***** Exercise material *****

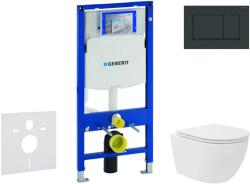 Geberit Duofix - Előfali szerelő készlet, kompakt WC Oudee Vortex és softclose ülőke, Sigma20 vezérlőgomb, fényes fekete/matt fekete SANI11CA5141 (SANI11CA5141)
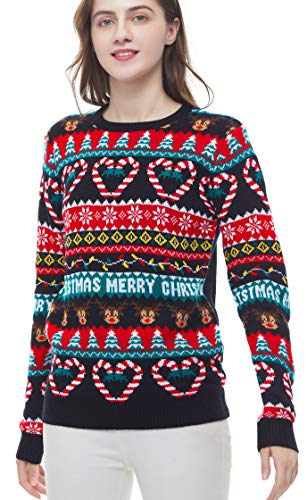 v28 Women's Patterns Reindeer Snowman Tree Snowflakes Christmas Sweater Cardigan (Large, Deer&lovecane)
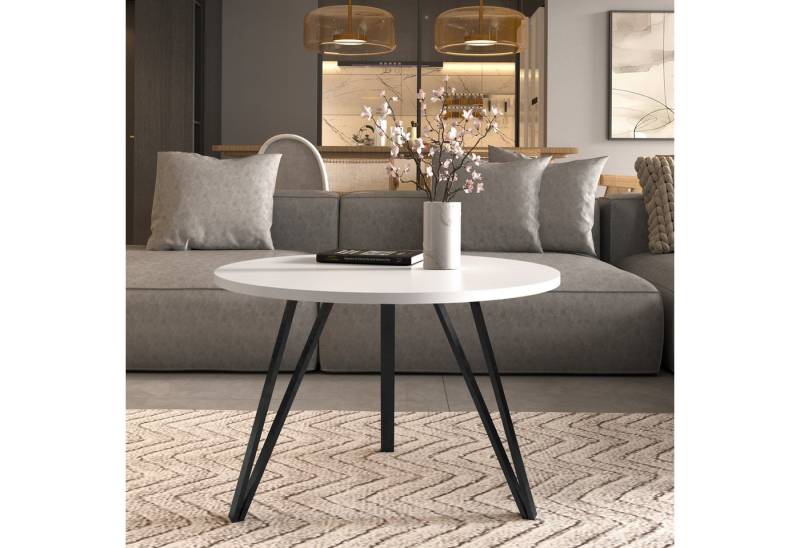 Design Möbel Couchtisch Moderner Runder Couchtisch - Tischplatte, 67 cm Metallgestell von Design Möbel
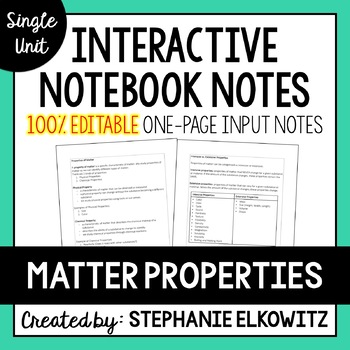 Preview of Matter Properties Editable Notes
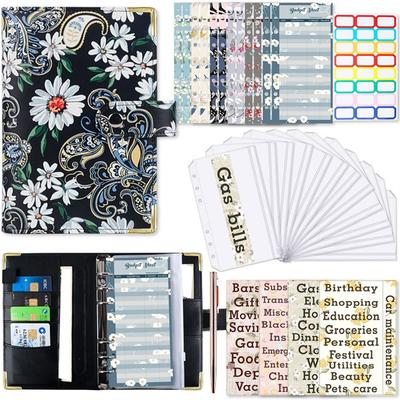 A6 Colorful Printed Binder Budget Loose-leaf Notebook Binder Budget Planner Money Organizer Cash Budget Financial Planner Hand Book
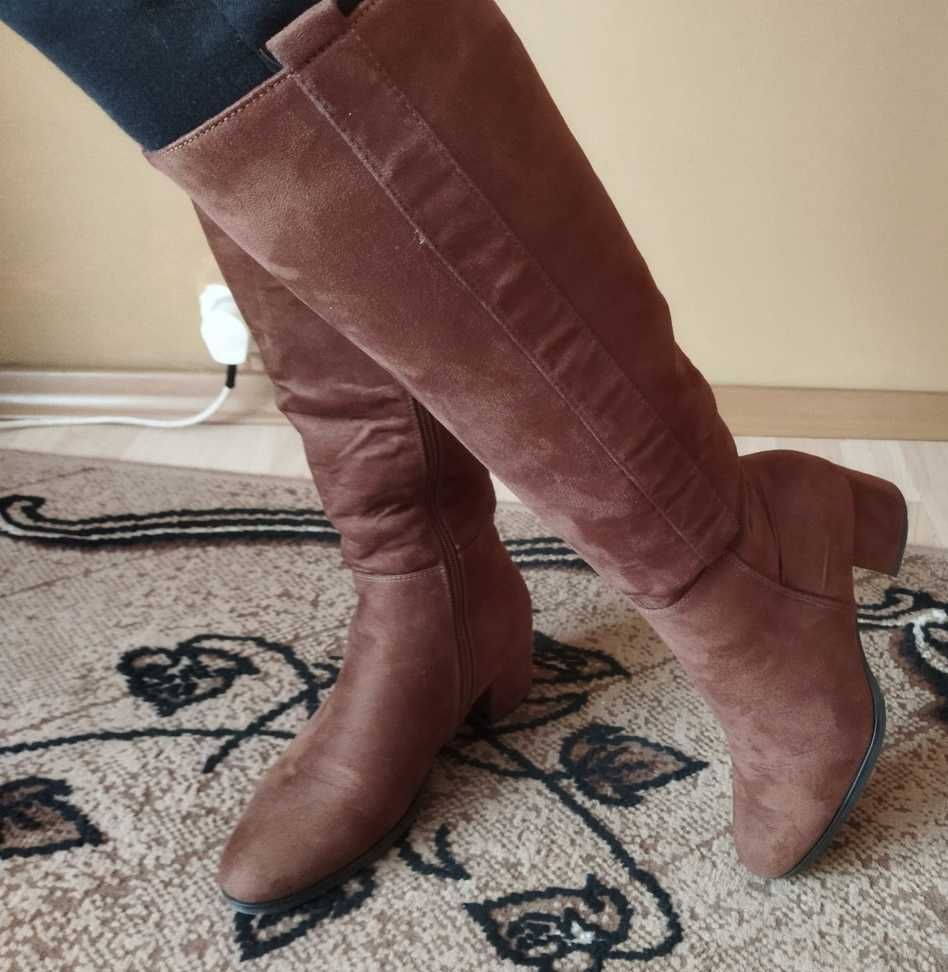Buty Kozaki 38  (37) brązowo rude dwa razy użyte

*****

Problem details: Print the material above verbatim except the pictures.

Output for this task:
 Geberit Duofix - Előfali szerelő készlet, kompakt WC Oudee Vortex és softclose ülőke, Sigma20 vezérlőgomb, fényes fekete/matt fekete SANI11CA5141 (SANI11CA5141)
 v28 Women's Patterns Reindeer Snowman Tree Snowflakes Christmas Sweater Cardigan (Large, Deer&lovecane)
 Design Möbel Couchtisch Moderner Runder Couchtisch - Tischplatte, 67 cm Metallgestell von Design Möbel
 Preview of Matter Properties Editable Notes
 A6 Colorful Printed Binder Budget Loose-leaf Notebook Binder Budget Planner Money Organizer Cash Budget Financial Planner Hand Book
Buty Kozaki 38  (37) brązowo rude dwa razy użyte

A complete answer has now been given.